Alternatively, you can try rebasing to any updates ref, like fedora/30/updates/x86_64 after the cleanup operation.

For more information, see rpm-ostree#415.

Installing packages to /opt or /usr/local

Installing into /opt was commonly raised as a problem when users where trying to install Google Chrome. A partial solution has been implemented that allows users to layer Google Chrome, however it is not a complete solution for applications that write mutable data to /opt.

This issue is tracked in rpm-ostree#233.

Using NVIDIA drivers

You can install the official NVIDIA binary drivers from the RPM Fusion repositories.

The NVIDIA binary drivers are not maintained by the Fedora Project and may sometimes not be available for the kernel version included in Fedora Silverblue.
The Universal Blue project creates operating system images for Fedora Silverblue with the NVIDIA drivers included. The Universal Blue images are based on the official Fedora images with additional changes at their discretion. The Universal Blue images are not officially endorsed by the Fedora Project.
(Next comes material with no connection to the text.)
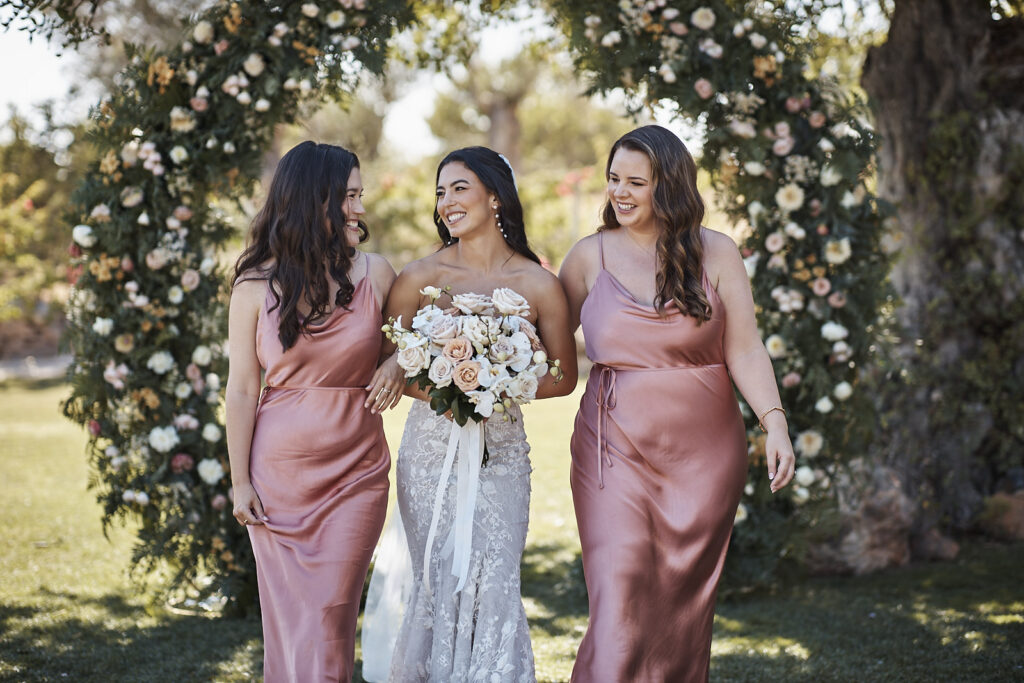 Braut mit zwei Brautjungfern unter dem Blumenbogen nach der Trauung im Monte do Serrinho an der Algarve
Use them at your own discretion.
  1. First, ensure that your system is fully updated by running sudo rpm-ostree upgrade and rebooting.

  2. Then setup the RPM Fusion repositories following the documentation, including the two reboots.

  3. Finally, install the drivers:

    # rpm-ostree install kmod-nvidia xorg-x11-drv-nvidia
    # rpm-ostree kargs --append=rd.driver.blacklist=nouveau --append=modprobe.blacklist=nouveau --append=nvidia-drm.modeset=1
    # systemctl reboot
When using Secure Boot, the locally installed NVIDIA drivers have to be signed with a local key that is enrolled using mokutil. See the fedora-silverblue#499 issue for more details.

You may also encounter the following issues during installation: #286, #331

Thanks to Alex Larsson who made the required changes to the akmods and kmodtools packages. You can read more about the work that Alex did on his blog.

Out of tree kernel modules and drivers using DKMS

Fedora Silverblue currently does not have support for DKMS. See the upstream issue rpm-ostree#1091.

Instead, we recommend that you make kmods packages for out of tree kernel modules and submit them to the RPM Fusion repos. The kmods packages will then be used by akmods which is supported on Fedora Silverblue.

Adding external package repositories

This section discusses third-party software sources not officially affiliated with or endorsed by the Fedora Project. Use them at your own discretion.
If you want to use RPM Fusion repositories, please follow the Enabling RPM Fusion repos section.

Some sofware may only be available from a third-party repository. You can add an external repository manually on Fedora Silverblue by placing the .repo file into /etc/yum.repos.d/ and the GPG key into /etc/pki/rpm-gpg/. The following is a full example for setting up the Taiscale repo:

  1. Fetch and install the repo config:

    $ curl -O
    name=Tailscale stable
    $ sudo install -o 0 -g 0 -m644 tailscale.repo /etc/yum.repos.d/tailscale.repo
  2. Fetch and install the GPG keys:

    $ curl -O
    $ sudo install -o 0 -g 0 -m644 repo.gpg /etc/pki/rpm-gpg/tailscale.gpg
  3. Replace the gpgkey= URL in the repo config by the path the GPG keys:

    $ sudo $EDITOR /etc/yum.repos.d/tailscale.repo
    $ cat /etc/yum.repos.d/tailscale.repo
    name=Tailscale stable
    # Update this line
    #      ^^^^^^^^^^^^^^^^^^^^^^^^^^^^^^
  4. Install the new packages with:

    $ rpm-ostree install tailscale

Better support in rpm-ostree for this use case is tracked in rpm-ostree#4014.

SELinux problems

As users work with Fedora Silverblue day-to-day, it is possible that they have modified the default SELinux policy in an effort to workaround one or more problems related to SELinux. This is usually done when a user sees a SELinux denial in the journal. If this is the case and one wishes to revert back to the default SELinux policy, you can try these set of actions.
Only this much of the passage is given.